Probably the one thing that winds me up most is when I hear about dyslexic children being given remedial lessons. It's hard to imagine anything more calculated to alienate an intelligent student than additional lessons in what appears to them to be an incomprehensible subject. All the more so if they are lumped in with the less intellectually able, in my case with the boy who sucked his thumb and who was the only person between me and the bottom of the class of the bottom stream.

Sadly for years dyslexic students fail in school and are either dumped by, or reject the system. We do not have to look far to find successful people in many walks of life who have failed to complete formal education, surely they cannot all have been lazy or stupid while at school and suddenly become smart once they left?

If Thomas G. West in his book 'In the Mind's Eye' (Prometheus Books) is right then, then far from being a condition in need of a cure, dyslexia is an ability enabling the student and later the adult to “think outside the square”.

Thomas West rightly suggests that it would be far better to work with the students strengths, which may in fact be considerable, rather than forcing a diet of incomprehensible studies, and hence failure, upon them.

One common feature of  learning disabilities like dyslexia is that, with some maturity, the student will often work out a strategy for coping with their handicaps, often to the extent that it will not be possible for even close friends and co-workers to detect any problems. The real issue is that the persons full potential will not be realised as their talents will never be trained or developed in any structured manner.

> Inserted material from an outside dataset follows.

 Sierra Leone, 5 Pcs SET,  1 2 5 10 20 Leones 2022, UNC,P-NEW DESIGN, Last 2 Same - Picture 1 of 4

A reversal of the present syllabus might well be more appropriate. Teach the apparently complex material earlier and leave subjects such as spelling, grammar and times tables until such time as the student can deal with the issues raised by this material.

A phenomena of western tertiary education is the increasing numbers of arts students while scientific and engineering rolls continue to fall. Could it be that young people suited to these 'hard' disciplines are being systematically failed by the system at secondary level?  

Much of today's educational ideal is rooted in the past and essentially values the same skills as those of the medieval monastic scholar. The three 'R's, reading, writing and arithmetic as well as the ability to learn by rote are key disciplines and all of which are more or less guaranteed to weed out those with dyslexia or other, perhaps more valuable, creative traits.

For me, the major finding of Mr West's research is that dyslexia, and it's related learning difficulties are not conditions in need of a cure. More likely these conditions are in fact caused by a desirable variation in the way the brain is wired.

Were all people to follow the same thought processes then there would only ever be one answer to any given problem, or only slight variations. It makes more sense for there to be a diversity of thought processes which will give a range of solutions.

Until recently, probably into the middle of the 20th century, it was relatively easy for those unduly challenged by conventional education to take an alternative route. Many of the great discoveries made during the incredibly productive 18th and 19th centuries were made by those with little formal education such as Michael Faraday and Benjamin Franklin.

Now such is the lock of the academic establishment, that it would be hard for people like Faraday and Franklin to gain even a menial position in a research organisation. Those who fail in conventional education are more likely to move to new technologies such as computers where formal qualifications are still regarded with some suspicion and the self taught and talented are well able to make their own way.